These days, everyone is an expert on Afghanistan geography and politics, but
Iranian filmmaker Mohsen Makhmalbaf (The Peddler, Gabbeh) is only
mildly impressed. What took the world so long to intervene, he asked in a
recent Village Voice interview. He'd arrived in the USA on a break from
his extraordinary mission back home in Tehran: to get his government to offer
schooling to the hundreds of thousands of Afghan children in Iranian exile.

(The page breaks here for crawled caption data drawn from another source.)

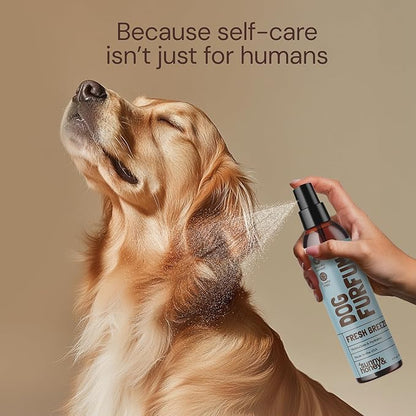 Sunny & Honey 4-in-1 Dog Shampoo & Conditioner - 16 fl oz, 8 fl oz Mist - Moisturizing Detangling Wash - Pet Shampoo - Long-Lasting Perfume Mist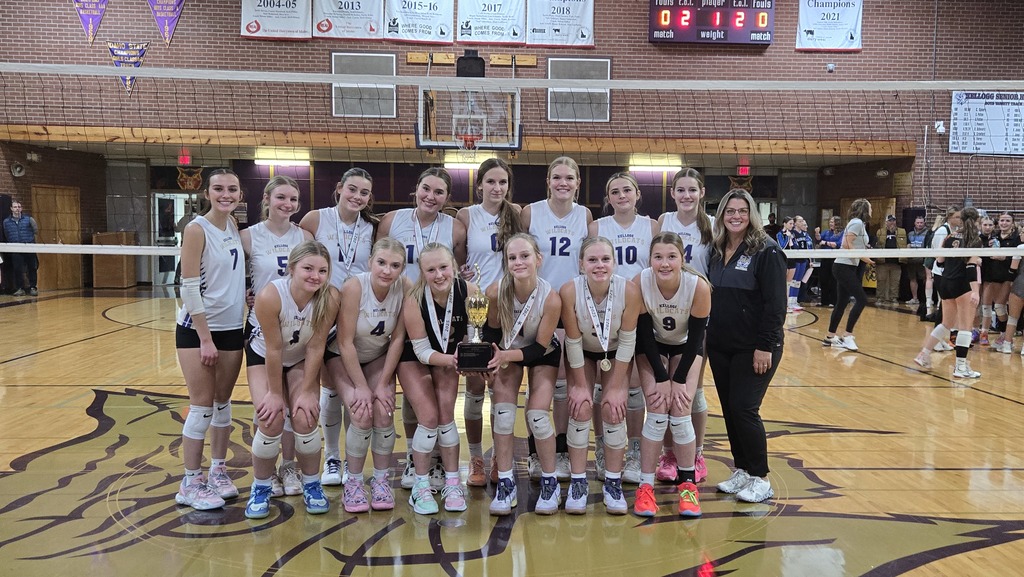 volleyball team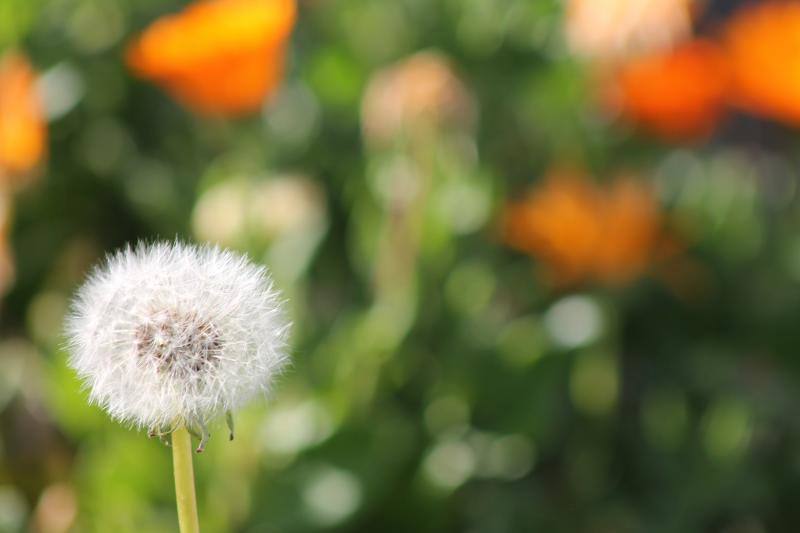 Las flores ya empienzan a adornar el paisaje asturiano con la llegada de la época primaveral.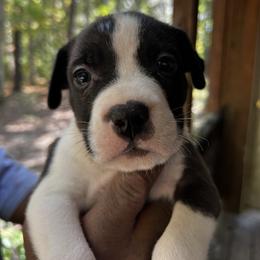 Boy 3 - American Staffordshire Terrier puppy in Spring Grove, Virginia from Lizera Bulldogs and AmStaffs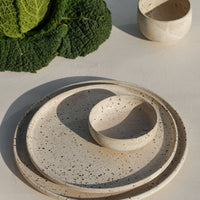 Dinner Plate Birdy light
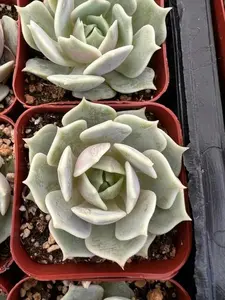 Live Echeveria Lola | Lola Succulent | Mexican Hens and Chicks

In the Voice, Makhmalbaf refused to side with any of the factions vying
to control Afghanistan; he doesn't trust anyone. Still, with the Taliban out of
power, things have improved mightily since he unveiled his muckraking
Kandahar at last May's Cannes Film Festival. Kandahar? We film critics
knew as much about that Afghan city as the Taliban did about Revere and
Quincy.
"The Buddhas had to be destroyed by the Taliban to get the world thinking about
Afghanistan," Makhmalbaf said at Cannes, "though a million people might die of
hunger in the next months. There have
been two-and-a-half-million
war-caused deaths, six million people have emigrated. Ten million women live
invisible under burkas." How, in those isolationist days
long before
September 11, could he stir
the world about Afghanistan through
filmmaking?
His answer had come to him from a visit by a young Afghan woman, Nelofer
Pazira, who had fled home with her family, making a 10-day journey on foot into
Pakistan. Resettled in Canada, she became a journalist in Ottawa. Makhmalbaf
explained, "She showed me a letter from a female friend who remained behind in
Kandahar stating, 'I'm thinking of suicide.' Miss Pazira said to me, 'I want to
find my friend. Mr. Makhmalbaf, would you follow us?' "

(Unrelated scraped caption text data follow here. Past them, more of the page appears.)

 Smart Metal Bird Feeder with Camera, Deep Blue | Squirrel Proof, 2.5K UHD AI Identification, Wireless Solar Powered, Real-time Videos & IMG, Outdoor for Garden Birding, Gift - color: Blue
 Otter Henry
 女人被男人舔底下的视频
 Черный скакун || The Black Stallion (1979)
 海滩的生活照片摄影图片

That's what he decided would be the subject of his film: the quest deep into
Afghanistan. Pazira would star, playing a version of herself renamed Nafas.
"I'm not an actress, I've never been in front of a camera," Pazira acknowledged
at Cannes. "But it's my story, me wanting to make a journey back home, to
return and help. I'm an Afghan and know and feel every pressure women there are
feeling. Women and children are the first victims in every war, and
devastatingly so in Afghanistan."
"There's an 800-kilometer border between Iran and Afghanistan," Makhmalbaf
said. "I was able to slip into Afghanistan for a week. However, I had to go
back into Iran to produce my film, which was shot about two kilometers from the
border. All the actors are Afghans, except for two Red Cross worker women and a
black doctor. He's an African-American who came to Iran 20 years ago, went to
Afghanistan to fight the Russians, and felt he hadn't achieved anything. What
was left for him was humanitarian action." (This actor, Hassan Tantai, has
since been accused, the London Guardian reports, "of being an Islamic
terrorist who assassinated an Iranian dissident in the US in 1980." American
authorities are investigating.)
The shooting? "There was no safety whatsoever, as the Taliban militants
terrorize people. We were forced to change sites every day. I myself had to
grow a longer beard and wear Afghan clothes. I was in danger of being kidnapped
by smugglers, though I didn't know it at the time. A problem was the lack of
cooperation of the Afghan community itself. The women, though living in Iran,
were under cover and not willing to participate in the film, and none of the
ethnic groups were willing to work together or be together. We offered to show
a video, since nobody had a concept of film, but we had difficulty with the
seating. We finally agreed to have different screenings for the different
ethnic groups.
"But the biggest problem was hunger. A group of famished Afghans had come
across the border, originally 40, but 20 died along the way. They were
animal-like in the desert. We discovered them when they shouted to us for help.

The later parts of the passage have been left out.